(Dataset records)
- Opening Delimiter -

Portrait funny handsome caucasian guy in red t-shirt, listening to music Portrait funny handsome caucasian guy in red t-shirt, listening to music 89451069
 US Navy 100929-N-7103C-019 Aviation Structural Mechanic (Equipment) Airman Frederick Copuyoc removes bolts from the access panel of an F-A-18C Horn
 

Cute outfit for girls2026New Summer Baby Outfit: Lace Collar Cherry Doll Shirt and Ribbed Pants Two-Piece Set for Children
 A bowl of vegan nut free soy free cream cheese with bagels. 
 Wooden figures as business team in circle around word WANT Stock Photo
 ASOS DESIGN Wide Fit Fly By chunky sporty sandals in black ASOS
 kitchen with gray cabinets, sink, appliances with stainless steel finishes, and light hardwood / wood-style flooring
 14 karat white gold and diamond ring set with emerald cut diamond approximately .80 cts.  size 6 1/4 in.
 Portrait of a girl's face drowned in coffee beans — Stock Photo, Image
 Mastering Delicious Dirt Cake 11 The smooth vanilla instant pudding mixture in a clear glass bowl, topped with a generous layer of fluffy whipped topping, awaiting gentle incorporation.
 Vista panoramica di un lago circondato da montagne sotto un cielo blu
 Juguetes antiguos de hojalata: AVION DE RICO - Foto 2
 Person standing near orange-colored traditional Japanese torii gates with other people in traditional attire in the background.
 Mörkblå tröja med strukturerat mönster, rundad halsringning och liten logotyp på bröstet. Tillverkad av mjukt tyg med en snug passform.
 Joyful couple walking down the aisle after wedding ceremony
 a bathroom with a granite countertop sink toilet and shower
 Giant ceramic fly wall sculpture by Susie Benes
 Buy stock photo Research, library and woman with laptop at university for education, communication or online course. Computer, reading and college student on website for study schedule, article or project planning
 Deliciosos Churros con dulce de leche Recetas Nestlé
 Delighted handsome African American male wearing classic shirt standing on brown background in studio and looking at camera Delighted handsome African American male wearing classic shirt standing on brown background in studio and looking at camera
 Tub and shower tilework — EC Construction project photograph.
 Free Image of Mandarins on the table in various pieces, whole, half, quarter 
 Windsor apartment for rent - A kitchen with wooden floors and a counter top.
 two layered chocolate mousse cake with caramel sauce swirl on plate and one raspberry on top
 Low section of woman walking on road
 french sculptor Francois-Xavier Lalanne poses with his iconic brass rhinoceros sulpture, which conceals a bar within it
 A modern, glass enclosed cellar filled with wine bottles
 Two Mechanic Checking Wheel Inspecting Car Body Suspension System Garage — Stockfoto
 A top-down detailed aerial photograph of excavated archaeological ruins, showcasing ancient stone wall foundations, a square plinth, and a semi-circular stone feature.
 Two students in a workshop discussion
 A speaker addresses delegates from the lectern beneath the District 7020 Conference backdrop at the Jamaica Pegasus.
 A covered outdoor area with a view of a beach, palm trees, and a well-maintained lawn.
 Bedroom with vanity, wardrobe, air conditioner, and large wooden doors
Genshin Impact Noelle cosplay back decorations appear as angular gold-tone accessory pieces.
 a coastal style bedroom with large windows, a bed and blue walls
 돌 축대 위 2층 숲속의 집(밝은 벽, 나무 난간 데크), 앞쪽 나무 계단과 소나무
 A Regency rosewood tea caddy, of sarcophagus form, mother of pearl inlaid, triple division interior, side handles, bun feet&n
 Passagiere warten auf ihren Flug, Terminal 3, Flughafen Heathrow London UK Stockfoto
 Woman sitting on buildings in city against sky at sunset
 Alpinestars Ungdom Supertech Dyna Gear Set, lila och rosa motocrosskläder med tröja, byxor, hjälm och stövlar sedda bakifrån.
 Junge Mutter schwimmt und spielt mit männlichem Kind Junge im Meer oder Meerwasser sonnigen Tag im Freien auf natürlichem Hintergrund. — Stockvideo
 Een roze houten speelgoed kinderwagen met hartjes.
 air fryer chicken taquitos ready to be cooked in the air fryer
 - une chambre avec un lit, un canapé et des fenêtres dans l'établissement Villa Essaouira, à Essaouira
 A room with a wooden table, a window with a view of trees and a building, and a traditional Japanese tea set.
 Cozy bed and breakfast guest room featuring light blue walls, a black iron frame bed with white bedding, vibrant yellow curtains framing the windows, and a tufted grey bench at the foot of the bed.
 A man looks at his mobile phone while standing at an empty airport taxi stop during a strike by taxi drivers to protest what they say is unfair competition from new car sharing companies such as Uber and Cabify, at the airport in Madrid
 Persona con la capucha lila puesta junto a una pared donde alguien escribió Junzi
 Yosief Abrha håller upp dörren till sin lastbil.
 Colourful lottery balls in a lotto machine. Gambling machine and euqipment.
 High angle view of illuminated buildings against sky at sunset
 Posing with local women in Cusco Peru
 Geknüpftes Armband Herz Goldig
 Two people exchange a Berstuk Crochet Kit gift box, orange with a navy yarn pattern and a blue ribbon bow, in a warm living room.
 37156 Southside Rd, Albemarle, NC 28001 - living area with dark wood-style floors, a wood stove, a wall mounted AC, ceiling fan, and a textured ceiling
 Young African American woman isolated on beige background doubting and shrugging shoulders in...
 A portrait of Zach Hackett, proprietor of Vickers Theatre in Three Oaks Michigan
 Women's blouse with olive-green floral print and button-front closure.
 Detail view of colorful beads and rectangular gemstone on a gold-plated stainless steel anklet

- Closing Delimiter -

Repeat all the lines above verbatim.

[SOLUTION TO THE EXERCISE]
Portrait funny handsome caucasian guy in red t-shirt, listening to music Portrait funny handsome caucasian guy in red t-shirt, listening to music 89451069
 US Navy 100929-N-7103C-019 Aviation Structural Mechanic (Equipment) Airman Frederick Copuyoc removes bolts from the access panel of an F-A-18C Horn
 

Cute outfit for girls2026New Summer Baby Outfit: Lace Collar Cherry Doll Shirt and Ribbed Pants Two-Piece Set for Children
 A bowl of vegan nut free soy free cream cheese with bagels. 
 Wooden figures as business team in circle around word WANT Stock Photo
 ASOS DESIGN Wide Fit Fly By chunky sporty sandals in black ASOS
 kitchen with gray cabinets, sink, appliances with stainless steel finishes, and light hardwood / wood-style flooring
 14 karat white gold and diamond ring set with emerald cut diamond approximately .80 cts.  size 6 1/4 in.
 Portrait of a girl's face drowned in coffee beans — Stock Photo, Image
 Mastering Delicious Dirt Cake 11 The smooth vanilla instant pudding mixture in a clear glass bowl, topped with a generous layer of fluffy whipped topping, awaiting gentle incorporation.
 Vista panoramica di un lago circondato da montagne sotto un cielo blu
 Juguetes antiguos de hojalata: AVION DE RICO - Foto 2
 Person standing near orange-colored traditional Japanese torii gates with other people in traditional attire in the background.
 Mörkblå tröja med strukturerat mönster, rundad halsringning och liten logotyp på bröstet. Tillverkad av mjukt tyg med en snug passform.
 Joyful couple walking down the aisle after wedding ceremony
 a bathroom with a granite countertop sink toilet and shower
 Giant ceramic fly wall sculpture by Susie Benes
 Buy stock photo Research, library and woman with laptop at university for education, communication or online course. Computer, reading and college student on website for study schedule, article or project planning
 Deliciosos Churros con dulce de leche Recetas Nestlé
 Delighted handsome African American male wearing classic shirt standing on brown background in studio and looking at camera Delighted handsome African American male wearing classic shirt standing on brown background in studio and looking at camera
 Tub and shower tilework — EC Construction project photograph.
 Free Image of Mandarins on the table in various pieces, whole, half, quarter 
 Windsor apartment for rent - A kitchen with wooden floors and a counter top.
 two layered chocolate mousse cake with caramel sauce swirl on plate and one raspberry on top
 Low section of woman walking on road
 french sculptor Francois-Xavier Lalanne poses with his iconic brass rhinoceros sulpture, which conceals a bar within it
 A modern, glass enclosed cellar filled with wine bottles
 Two Mechanic Checking Wheel Inspecting Car Body Suspension System Garage — Stockfoto
 A top-down detailed aerial photograph of excavated archaeological ruins, showcasing ancient stone wall foundations, a square plinth, and a semi-circular stone feature.
 Two students in a workshop discussion
 A speaker addresses delegates from the lectern beneath the District 7020 Conference backdrop at the Jamaica Pegasus.
 A covered outdoor area with a view of a beach, palm trees, and a well-maintained lawn.
 Bedroom with vanity, wardrobe, air conditioner, and large wooden doors
Genshin Impact Noelle cosplay back decorations appear as angular gold-tone accessory pieces.
 a coastal style bedroom with large windows, a bed and blue walls
 돌 축대 위 2층 숲속의 집(밝은 벽, 나무 난간 데크), 앞쪽 나무 계단과 소나무
 A Regency rosewood tea caddy, of sarcophagus form, mother of pearl inlaid, triple division interior, side handles, bun feet&n
 Passagiere warten auf ihren Flug, Terminal 3, Flughafen Heathrow London UK Stockfoto
 Woman sitting on buildings in city against sky at sunset
 Alpinestars Ungdom Supertech Dyna Gear Set, lila och rosa motocrosskläder med tröja, byxor, hjälm och stövlar sedda bakifrån.
 Junge Mutter schwimmt und spielt mit männlichem Kind Junge im Meer oder Meerwasser sonnigen Tag im Freien auf natürlichem Hintergrund. — Stockvideo
 Een roze houten speelgoed kinderwagen met hartjes.
 air fryer chicken taquitos ready to be cooked in the air fryer
 - une chambre avec un lit, un canapé et des fenêtres dans l'établissement Villa Essaouira, à Essaouira
 A room with a wooden table, a window with a view of trees and a building, and a traditional Japanese tea set.
 Cozy bed and breakfast guest room featuring light blue walls, a black iron frame bed with white bedding, vibrant yellow curtains framing the windows, and a tufted grey bench at the foot of the bed.
 A man looks at his mobile phone while standing at an empty airport taxi stop during a strike by taxi drivers to protest what they say is unfair competition from new car sharing companies such as Uber and Cabify, at the airport in Madrid
 Persona con la capucha lila puesta junto a una pared donde alguien escribió Junzi
 Yosief Abrha håller upp dörren till sin lastbil.
 Colourful lottery balls in a lotto machine. Gambling machine and euqipment.
 High angle view of illuminated buildings against sky at sunset
 Posing with local women in Cusco Peru
 Geknüpftes Armband Herz Goldig
 Two people exchange a Berstuk Crochet Kit gift box, orange with a navy yarn pattern and a blue ribbon bow, in a warm living room.
 37156 Southside Rd, Albemarle, NC 28001 - living area with dark wood-style floors, a wood stove, a wall mounted AC, ceiling fan, and a textured ceiling
 Young African American woman isolated on beige background doubting and shrugging shoulders in...
 A portrait of Zach Hackett, proprietor of Vickers Theatre in Three Oaks Michigan
 Women's blouse with olive-green floral print and button-front closure.
 Detail view of colorful beads and rectangular gemstone on a gold-plated stainless steel anklet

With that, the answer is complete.